The vacant Sobeys space on Jasper Avenue and 104th Street is getting a new lease on life, and the first tenant to move into the prime retail spot is a fast-casual Indian restaurant.
Tiffin India's Fresh Kitchen has signed a deal to lease a 5,000-square-foot bay in the once-popular grocery stop.
Now called Cecil Place, the building has been vacant for more than three years.
Sobeys closed its Urban Fresh location on July 31, 2014, to the dismay of local residents who relied on it for its ready-to-go meals and convenient location.
When the grocery store opened in 2008, it was heralded as a retail revitalizer for 104th Street.
Joti Dhanju, the owner of Tiffin India's Fresh Kitchen, told CBC News she has been eyeing the space for several months.
"Every time I drove past, I was like, 'What a shame that this space is for lease and nobody's going there.' Year one passed, and nobody.
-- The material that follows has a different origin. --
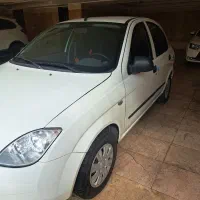 تیبا۲ مدل ۱۴۰۰ بدون خط و خش|خودرو سواری و وانت|هشتگرد, شهرک بعثت|دیوار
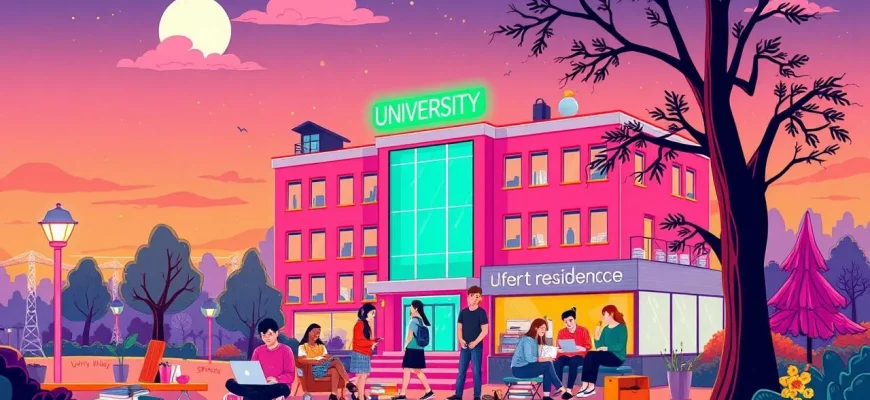 Top 10 des films sur la vie en résidence universitaire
Year two, and I was like ... 'Let's just reach out,' " Dhanju said Tuesday afternoon.
"We're really excited to revitalize this iconic address."
Ian O'Donnell, executive director of the Downtown Business Association, said the corner space is the entry to the arena district, and it was important to get new business in there.
"It's a premier corner in the downtown, it's been dark for three years.[It's] time to get it active again and really contribute to the rebirth of Jasper Avenue."
Cam Picketts, a broker with leasing agent Omada Commercial, said Tiffin has leased the biggest bay of the 19,000 square feet available in the building. The agent is looking for four or five more tenants, with units ranging in size from 1,000 to 7,000 square feet.
A second lease deal is pending for the building and Picketts said Omada is looking at more food options.
What will fit
Picketts said since the arena district opened, they've had more inquiries about the space and are looking at several potential businesses to move in.
"We're just sorting out what's the best fit, what's the best tenant mix," he said.
He said the demise of the former Sobeys was likely due to timing.
"When they opened up there wasn't nearly as many residential units that are available now, not as much density, not as much traffic flow."
He said the building owner, ICM Realty Group, will entertain businesses with financial viability and has an open mind to signing local entrepreneurs, like Dhanju.
"They've got capital behind them," he said of Tiffin India's Fresh Kitchen.
"They've got good plans. It's a new fresh-looking concept."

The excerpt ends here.